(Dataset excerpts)
---

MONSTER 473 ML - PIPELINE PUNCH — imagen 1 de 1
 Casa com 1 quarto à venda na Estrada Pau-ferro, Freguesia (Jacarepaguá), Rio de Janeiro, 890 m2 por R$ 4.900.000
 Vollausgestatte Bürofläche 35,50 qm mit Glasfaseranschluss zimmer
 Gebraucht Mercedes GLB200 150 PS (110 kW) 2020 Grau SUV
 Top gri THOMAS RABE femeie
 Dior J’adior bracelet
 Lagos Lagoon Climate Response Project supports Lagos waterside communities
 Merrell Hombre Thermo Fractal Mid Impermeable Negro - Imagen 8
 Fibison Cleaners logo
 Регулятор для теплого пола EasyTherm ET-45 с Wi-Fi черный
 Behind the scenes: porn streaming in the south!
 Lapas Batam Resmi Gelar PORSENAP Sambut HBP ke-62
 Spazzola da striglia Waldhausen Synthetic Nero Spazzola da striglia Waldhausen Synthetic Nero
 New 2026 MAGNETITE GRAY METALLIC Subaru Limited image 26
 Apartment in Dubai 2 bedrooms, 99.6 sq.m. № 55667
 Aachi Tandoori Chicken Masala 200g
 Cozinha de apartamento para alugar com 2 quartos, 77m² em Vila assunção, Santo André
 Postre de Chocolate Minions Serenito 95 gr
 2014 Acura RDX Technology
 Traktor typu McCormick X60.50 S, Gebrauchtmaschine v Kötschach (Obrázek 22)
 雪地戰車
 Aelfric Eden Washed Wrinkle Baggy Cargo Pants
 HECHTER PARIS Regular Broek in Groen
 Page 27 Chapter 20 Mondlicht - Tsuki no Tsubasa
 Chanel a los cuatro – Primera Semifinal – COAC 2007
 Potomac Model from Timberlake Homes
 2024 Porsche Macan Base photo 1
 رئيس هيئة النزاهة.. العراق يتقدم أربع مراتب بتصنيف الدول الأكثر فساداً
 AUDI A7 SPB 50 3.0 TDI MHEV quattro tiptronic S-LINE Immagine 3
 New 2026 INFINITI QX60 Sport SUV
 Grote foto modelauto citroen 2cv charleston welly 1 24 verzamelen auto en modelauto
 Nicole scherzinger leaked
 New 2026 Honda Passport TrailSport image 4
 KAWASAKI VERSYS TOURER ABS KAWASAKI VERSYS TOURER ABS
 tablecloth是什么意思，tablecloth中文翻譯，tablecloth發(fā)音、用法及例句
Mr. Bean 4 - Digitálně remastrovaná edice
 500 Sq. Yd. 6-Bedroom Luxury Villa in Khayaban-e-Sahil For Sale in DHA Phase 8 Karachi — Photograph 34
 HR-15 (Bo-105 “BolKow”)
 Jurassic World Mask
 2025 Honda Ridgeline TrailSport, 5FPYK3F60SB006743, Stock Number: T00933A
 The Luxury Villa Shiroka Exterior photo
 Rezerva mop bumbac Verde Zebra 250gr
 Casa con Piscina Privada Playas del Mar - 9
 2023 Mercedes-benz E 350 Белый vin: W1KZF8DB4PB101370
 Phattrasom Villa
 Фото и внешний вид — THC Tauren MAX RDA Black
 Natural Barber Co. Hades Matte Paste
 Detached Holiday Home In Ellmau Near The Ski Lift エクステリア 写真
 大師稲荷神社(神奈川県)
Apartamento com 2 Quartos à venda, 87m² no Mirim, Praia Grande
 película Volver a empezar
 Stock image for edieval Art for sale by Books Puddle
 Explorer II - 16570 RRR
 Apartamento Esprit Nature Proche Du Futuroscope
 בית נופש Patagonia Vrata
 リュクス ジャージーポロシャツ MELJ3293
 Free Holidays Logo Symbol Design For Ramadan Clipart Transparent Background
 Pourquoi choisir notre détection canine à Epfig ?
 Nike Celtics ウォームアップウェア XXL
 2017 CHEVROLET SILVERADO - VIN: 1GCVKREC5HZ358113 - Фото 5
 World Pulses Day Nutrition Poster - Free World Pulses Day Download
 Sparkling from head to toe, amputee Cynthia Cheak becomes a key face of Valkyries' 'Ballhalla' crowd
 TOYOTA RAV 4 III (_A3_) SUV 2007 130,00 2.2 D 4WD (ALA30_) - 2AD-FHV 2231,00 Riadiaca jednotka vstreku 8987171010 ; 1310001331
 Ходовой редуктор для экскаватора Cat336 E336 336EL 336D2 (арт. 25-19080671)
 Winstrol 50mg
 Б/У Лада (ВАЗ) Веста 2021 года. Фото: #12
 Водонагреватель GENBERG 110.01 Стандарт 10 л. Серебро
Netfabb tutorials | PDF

---

§ **Work order**:
Only the lines above that hold "venda" are wanted. Show every one of them.

§ **Completed exercise**:
 Casa com 1 quarto à venda na Estrada Pau-ferro, Freguesia (Jacarepaguá), Rio de Janeiro, 890 m2 por R$ 4.900.000
Apartamento com 2 Quartos à venda, 87m² no Mirim, Praia Grande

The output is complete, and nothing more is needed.